Chapter 15
Chapter fifteen
Luca
The tomatoes were wrong.
Not bad. Just wrong.
The man behind the produce stand had arranged them in two shallow wooden crates beneath a canvas awning that did a reasonable job of cutting the direct sun.
I lifted one from the nearest crate and turned it in my hand.
The skin was smooth and bright, but when I pressed gently near the stem end, the flesh gave a little too easily.
“You’re looking for the Creole ones,” the vendor said. “These are Arkansas pinks. They look better than they cook.”
“That’s useful to know,” I said.
He leaned forward across the table and selected a tomato from a different crate. “This is what you want if you’re actually planning to eat them.”
The one he handed me had a deeper color and faint green shoulders around the stem. I pressed it gently. Firm. When I lifted it close, the smell that rose was clean and slightly sharp.
“Creole,” he said. “Came in from Plaquemines Parish this morning.”
“How long will they hold?”
“You’ll want to eat them in two days, maybe three.”
“I’m cooking tonight.”
“Then you’re fine.”
My father would have approved.
He believed that you could solve most food problems with patience and olive oil.

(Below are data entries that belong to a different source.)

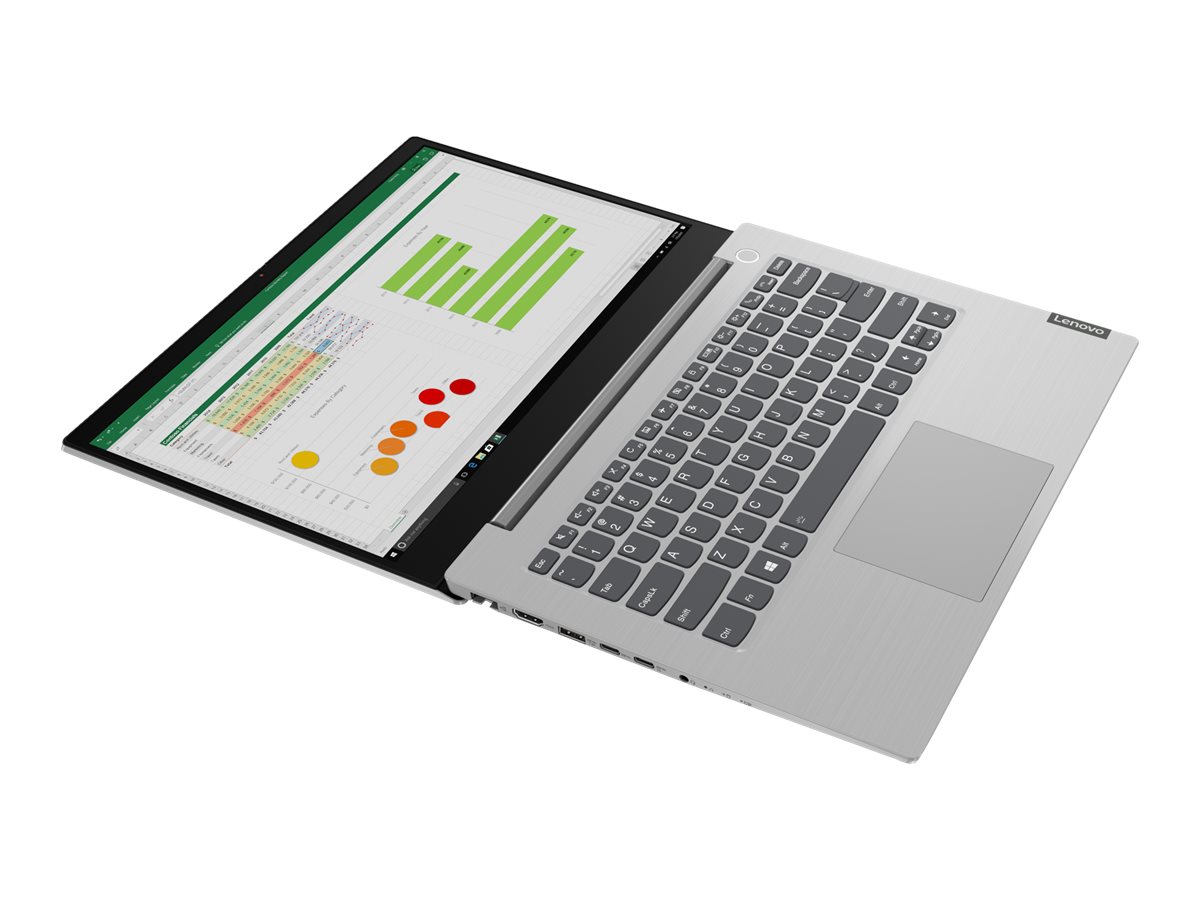 Купить Ноутбук Lenovo Thinkbook 15 Itl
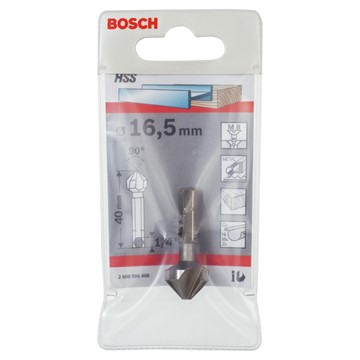 Bosch FÖRSÄNKARE 16,5X41 1/4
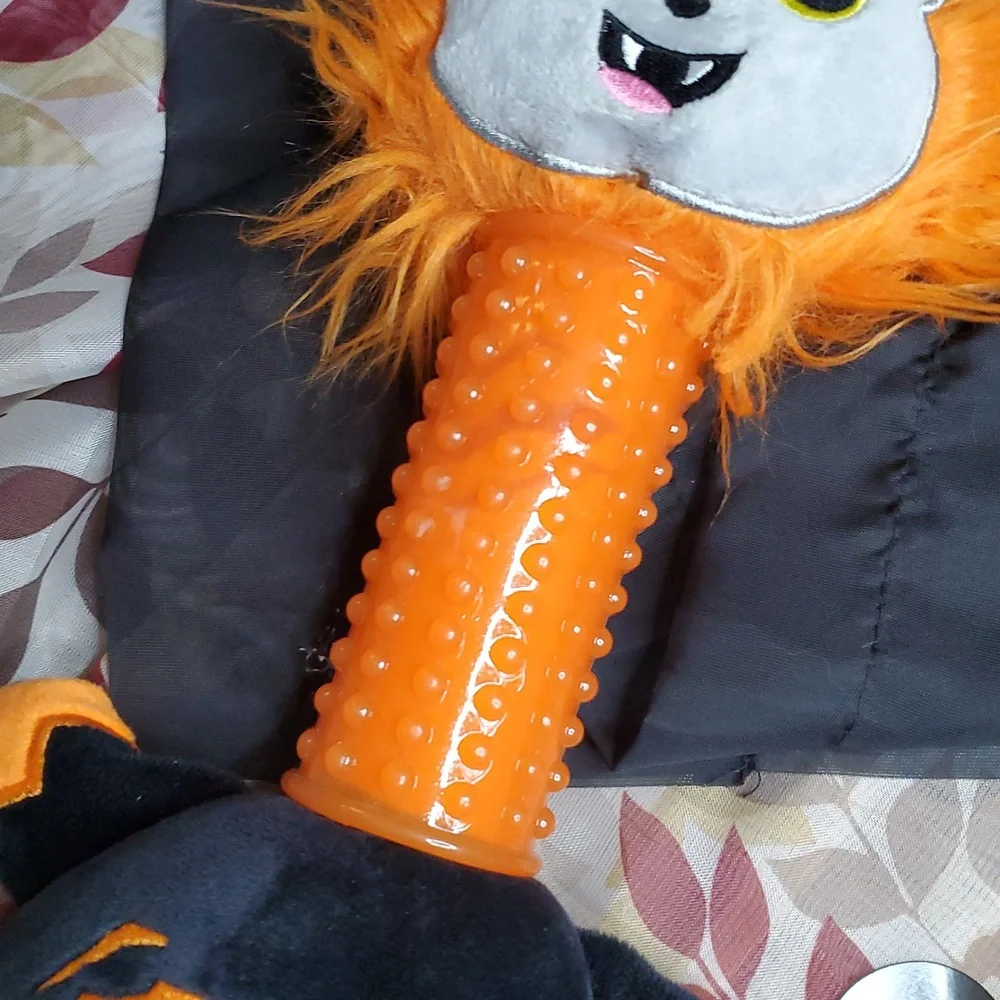 Werewolf Plush Dog‎ Toy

His salvage work had trained him to trust materials, and he approached ingredients the same way he approached a beam pulled from a condemned building: respect the structure and let the thing reveal what it wants to become.
I had learned early that good tomatoes punished impatience.
“You’re pressing too hard,” a voice said behind me.
I turned.
Bridget Marchand stood at the end of the stall with a canvas bag looped over one shoulder. She stepped up beside me and confidently reached into the tomato crate.
“This one,” she said.
She pressed the skin lightly with her thumb, then placed it into my basket. “You need three, and this one will hold together when you cook it.”
“Good morning,” I said.
“Good morning.”
The vendor looked at the two of us. “You two know each other?”
“We work together,” Bridget said.
He nodded, satisfied, and moved down the aisle toward a woman examining peaches. Bridget picked up another tomato, studied it, and set it aside.
“You’re cooking tonight?”
“Yes.”
“For Dominic?”
“Yes.”
“How is he pacing himself this week?”
“Predictably. He considers rest a form of moral weakness.”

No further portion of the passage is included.